Emotional Marketing: What is it, and how can I apply it to my business?September 06, 2017
Everyone is susceptible to emotional marketing, whether you know it or not. As humans, we have an inherent drive to relate to things, people, and experiences on an emotional level. So how does this relate to consumerism, and furthermore, how can you as a small business owner, capitalize on people’s natural urges when it comes to buying products or services on a daily basis.
Let’s start with the basics: what exactly is “emotional marketing”? It sounds fairly self explanatory, but when you break it down to it’s core, there are actually a lot of diagrams and branches of this or that….all very confusing stuff, really. In its purest form, and let me make this as clear as I possibly can, emotional marketing is basically the logic (or lack thereof) that consumers utilize on a subconscious level that makes them want a product or service.

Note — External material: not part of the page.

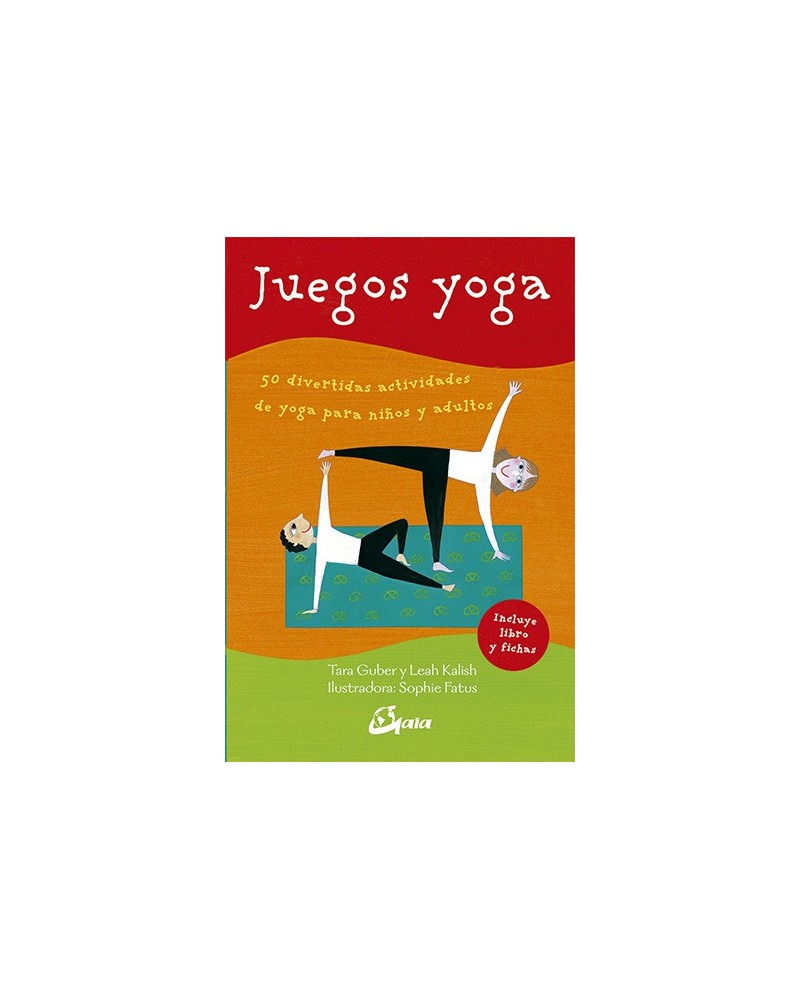 Juegos yoga, por Sophie Fatus (Ilustradora),  Tara Guber y Leah Kalish. Gaia Ediciones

The emotion can be anything from happiness to sadness to anger, but the goal is to keep it minuscule in portrayal. Much like everyone’s favorite movie from 2010, emotional marketing works best when the subject (client, consumer, or customer) thinks that this bond they now feel to whatever it is you’re trying to sell was their own, original idea.
Because that movie made total sense and wasn’t confusing at all.
I personally understand best with real world examples, so let’s do some of those:
Marketing with: Anger, Disgust, or Betrayal
A perfect example of this would be political adverts sponsored by one party to slander another. But it’s not slander if it’s true…right?
Of course this particular example is incredibly outdated (try 1796 outdated), as our HR department refuses to let me use current politics in an effort to not alienate readers, but you get my point. It creates a sense of urgency, and presents a clear call to action. “Don’t vote for him because he’s awful and here’s why” = “Vote for me because I’m not awful”. It’s messy, but it works.
Another pretty decent mention in this department, is the line “UNLIKE OUR COMPETITORS” in every single advertisement since 2008. It immediately makes an association with a competitor, and puts a stale taste in your mouth about their competitor’s product. This is a perfect example of learning how to handle negative emotion, because the advert displaces a displeasure, and then immediately offers a solution to it (ie, their product will make you unhappy, but you can be happy again by using our product, etc).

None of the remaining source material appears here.